The tropical sun was hot and brilliant. It made the open waters of the Caribbean Sea appear more blue than they actually were. It turned the golden, rounded dome of Azul Island into a flaming apparition. Yet its rays could not pierce the mist which hung like a gray veil about the base of this island of stone. Blue waters churned white going over the protective reef that lay a short distance out, then turned black as the waves gathered momentum and height to disappear behind the heavy shroud. They could be heard seconds later crashing against the walled barriers of Azul Island.
A lone boy guided the motor launch Sea Queen toward the perilous reef, his eyes never leaving the waters directly before him. He handled the wheel carefully, expertly. He watched the submerged coral slide past to either side of the hull. He seemed to know this particular area well.

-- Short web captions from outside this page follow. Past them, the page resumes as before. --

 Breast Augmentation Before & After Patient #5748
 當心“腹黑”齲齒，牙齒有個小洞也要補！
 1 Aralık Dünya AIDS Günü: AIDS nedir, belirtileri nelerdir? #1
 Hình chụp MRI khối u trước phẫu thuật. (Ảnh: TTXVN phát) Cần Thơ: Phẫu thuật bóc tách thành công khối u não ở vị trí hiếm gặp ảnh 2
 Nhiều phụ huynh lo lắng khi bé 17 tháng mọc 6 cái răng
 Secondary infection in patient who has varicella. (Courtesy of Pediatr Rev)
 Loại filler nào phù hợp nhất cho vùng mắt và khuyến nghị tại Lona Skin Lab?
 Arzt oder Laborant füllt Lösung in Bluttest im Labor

He piloted his launch in an ever alternating course, but one that took him always closer to the gray mist.
His name was Steve Duncan. He was no experienced mariner, for only recently had he been given the privilege and the responsibility of guiding the Sea Queen between the two islands of Antago and Azul, a distance of more than twenty miles. His home was in a small city in the United States, and he was on summer vacation from school. He wore a T-shirt and shorts. His body was deeply tanned from weeks spent beneath this hot, tropical sun, and the corners of his eyes were cracked with the white lines that come from squinting in the glaring sunlight for hours at a time. His black hair was cut short and uncovered.
He could have been any average and normal American boy . . . except for what he was about to do. In that respect, he did not conform to rule or type or standard.

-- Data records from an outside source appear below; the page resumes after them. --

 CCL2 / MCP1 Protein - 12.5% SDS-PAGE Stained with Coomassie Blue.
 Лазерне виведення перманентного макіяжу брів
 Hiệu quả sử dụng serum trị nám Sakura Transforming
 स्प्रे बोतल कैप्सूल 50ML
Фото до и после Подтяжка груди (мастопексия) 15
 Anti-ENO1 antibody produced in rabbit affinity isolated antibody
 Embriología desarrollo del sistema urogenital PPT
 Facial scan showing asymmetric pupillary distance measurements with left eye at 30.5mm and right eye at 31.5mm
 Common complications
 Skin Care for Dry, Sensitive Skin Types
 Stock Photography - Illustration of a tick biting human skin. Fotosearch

He took the Sea Queen into the gray mist. If he heard the heavy thud of waves crashing hard against the wall of stone beyond, it did not seem to frighten him. He went in a direct line now. The engine throbbed noisily as though in protest to the mounting surge of the sea that would hurl it forward too fast. No longer could Steve see the dome-shaped top of Azul Island. He watched only for the precipitous wall that soon would rise a thousand and more feet above him.

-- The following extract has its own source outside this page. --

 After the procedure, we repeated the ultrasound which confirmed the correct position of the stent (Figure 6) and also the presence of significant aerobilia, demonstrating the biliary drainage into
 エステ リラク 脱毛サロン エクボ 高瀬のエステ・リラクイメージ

Like the island itself, the approach foreboded danger. But Steve Duncan welcomed it, for it had kept all other people away. Now he began moving the wheel often again, and the propeller was reversed to steady the launch and hold it back from sweeping against the wall of stone that suddenly loomed ahead.
Steve had left the doors of the low sea hole open, and now he skillfully took the launch through it and into the narrow canal which cut the floor of a large chamber within Azul Island. He moored the launch to moss-covered piles that were centuries old, and for a second he thought of the men from the Spanish galleons who had sunk them so long ago. Then he crossed the sandy floor of the chamber and closed the sliding partitions above the sea entrance. There was less light and wind now, but the waters in the canal still flooded and ebbed with the waves that found their way through the opening at the base of the hole.
Hurriedly Steve left the chamber and went down the tunnel which would take him to where he wanted to be more than any other place in the world. As his eyes became accustomed to the dim light he ran faster, never once looking at the coral rock in brilliant shades of pink, green, gray and white that had always attracted his attention before. Nor did he give another thought to the Spanish Conquistadores who had brought their men, weapons and horses along this path in their final flight from the English and French. For it belonged to the far distant past, and Steve Duncan was interested only in the present and the great red stallion who awaited him.
He emerged from the tunnel and entered a long chasm, not bothering to glance up at the sky above the close, sheer walls on either side of him. He ran faster, breathing easily but becoming very excited. Soon he arrived at a small sliver of a valley, and crossed the stream that cut its center. Still he ran on till he came to a rock-strewn gorge. There he slowed down to a walk, for the trail was jagged and twisting. He went down the dry river bed, following the gorge until he came to a wide patch of marshland. Here he went a little faster but he didn't run. He hated this particular area with its high reeds, swamp ferns and the thick vapors whose stench of rotting vegetation had been made worse by the sweltering afternoon sun. He held his breath as long as possible between short gasps of the foul air, his eyes remaining fixed on the narrow green swath of solid ground before him. He saw Flame's oval-shaped hoofprints and it made this part of the trip a little easier to bear. Soon he'd be with his stallion. There was only a short distance to go now.
Finally his path led upward, taking him from the hollow that fostered and nurtured the marsh. He began running again, leaving the dense vapors far behind. He climbed higher--and then, just beyond a field of wild cane, he saw Blue Valley! At the upper end a band of horses grazed. A few of them were drinking from a pool that was fed by a waterfall dropping a hundred feet or more down the precipitous wall.
Steve Duncan stopped then and whistled as loud as he could. In answer, a lone stallion emerged from the band . . . a tall chestnut horse whose mane and tail seemed to move like burning flame when he broke into a gallop. Steve ran to meet him.